As readers may have noticed (even my mother has noticed!), I am very fond of Poverty of Stimulus arguments (POS). Executed well, POSs generate slews of plausible candidate structures for FL/UG. Given my delight in these, I have always wondered why it is that many other otherwise intelligent looking/sounding people don’t find them nearly as suggestive/convincing as I do. It could be that they are not nearly as acute as they appear (unlikely), or it could be that I am wrong (inconceivable!), or it could be that discussants are failing to notice where the differences lie. I would like to explore this last possibility by describing two different senses of pattern, one congenial to an empiricist mind set, and one not so much. This is not, I suspect, a conscious conviction and so highlighting it may allow for a clearer understanding of where disagreement lies, even if it does not lead to a Kumbaya resolution of differences. Here goes.

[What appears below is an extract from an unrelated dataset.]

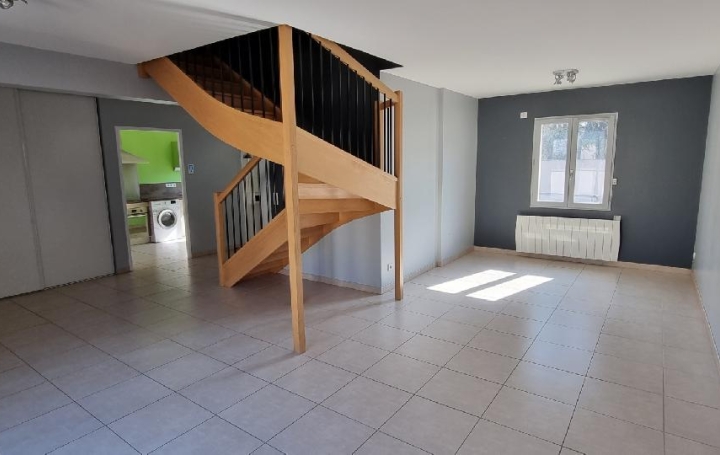 Maison PONT-SUR-YONNE (89140)  115 m2 900 €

The point I want to make rests on a cute thought experiment suggested by an observation by David Berlinski in his very funny, highly readable and strongly recommended (especially with those who got off on Feyerabend’s jazz style writing in AgainstMethod) book Black Mischief. Berlinski discusses two kinds of patterns. The first is illustrated in the following non-terminating decimal expansions:
1. (a) .222222…
If asked to continue into the … range, a normal person (i.e. a college undergrad, the canonical psych subject and the only person buyable with a few “extra” credits, i.e. cheap) would continue (1a) with more 2s, (1c) with more 3s (1c) with 45s and (1d) with 1234s. Why, because the average person would detect the indicated pattern and generalize as indicated. People are good at detecting patterns of this sort. Hume discussed this kind of pattern recognition behavior, as have empiricists ever since. What the examples in (1) illustrate is constant conjunction, and this leads to a simple pattern that humans have little trouble extracting, (at least in the simple cases).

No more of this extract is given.